The net-casting, ogre-faced spider (Deinopis spinosa) has a unique hunting strategy, as study coauthor Cornell University postdoctoral researcher Jay Stafstrom explained in a video.

They hunt only at night using a special kind of web: an A-shaped frame made from non-sticky silk that supports a fuzzy rectangle that they hold with their front forelegs and use to trap prey.

They do this in two ways. In a maneuver called a "forward strike," they pounce down on prey moving beneath them on the ground. This is enabled by their large eyes — the biggest of any spider. These eyes give them 2,000 times the night vision that we have, Science explained.

But the spiders can also perform a move called the "backward strike," Stafstrom explained, in which they reach their legs behind them and catch insects flying through the air.

"So here comes a flying bug and somehow the spider gets information on the sound direction and its distance. The spiders time the 200-millisecond leap if the fly is within its capture zone – much like an over-the-shoulder catch. The spider gets its prey. They're accurate," coauthor Ronald Hoy, the D & D Joslovitz Merksamer Professor in the Department of Neurobiology and Behavior in the College of Arts and Sciences, told the Cornell Chronicle.

What the researchers wanted to understand was how the spiders could tell what was moving behind them when they have no ears.

It isn't a question of peripheral vision. In a 2016 study, the same team blindfolded the spiders and sent them out to hunt, Science explained. This prevented the spiders from making their forward strikes, but they were still able to catch prey using the backwards strike. The researchers thought the spiders were "hearing" their prey with the sensors on the tips of their legs. All spiders have these sensors, but scientists had previously thought they were only able to detect vibrations through surfaces, not sounds in the air.

To test how well the ogre-faced spiders could actually hear, the researchers conducted a two-part experiment.

First, they inserted electrodes into removed spider legs and into the brains of intact spiders. They put the spiders and the legs into a vibration-proof booth and played sounds from two meters (approximately 6.5 feet) away. The spiders and the legs responded to sounds from 100 hertz to 10,000 hertz.

Next, they played the five sounds that had triggered the biggest response to 25 spiders in the wild and 51 spiders in the lab. More than half the spiders did the "backward strike" move when they heard sounds that have a lower frequency similar to insect wing beats. When the higher frequency sounds were played, the spiders did not move. This suggests the higher frequencies may mimic the sounds of predators like birds.

University of Cincinnati spider behavioral ecologist George Uetz told Science that the results were a "surprise" that indicated science has much to learn about spiders as a whole. Because all spiders have these receptors on their legs, it is possible that all spiders can hear. This theory was first put forward by Walcott 60 years ago, but was dismissed at the time, according to the Cornell Chronicle. But studies of other spiders have turned up further evidence since. A 2016 study found that a kind of jumping spider can pick up sonic vibrations in the air.
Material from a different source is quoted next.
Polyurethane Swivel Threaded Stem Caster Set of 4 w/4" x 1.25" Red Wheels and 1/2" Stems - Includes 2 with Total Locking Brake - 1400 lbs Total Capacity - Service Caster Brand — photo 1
"We don't know diddly about spiders," Uetz told Science. "They are much more complex than people ever thought they were."

Learning more provides scientists with an opportunity to study their sensory abilities in order to improve technology like bio-sensors, directional microphones and visual processing algorithms, Stafstrom told CNN.

Hoy agreed.

"The point is any understudied, underappreciated group has fascinating lives, even a yucky spider, and we can learn something from it," he told CNN.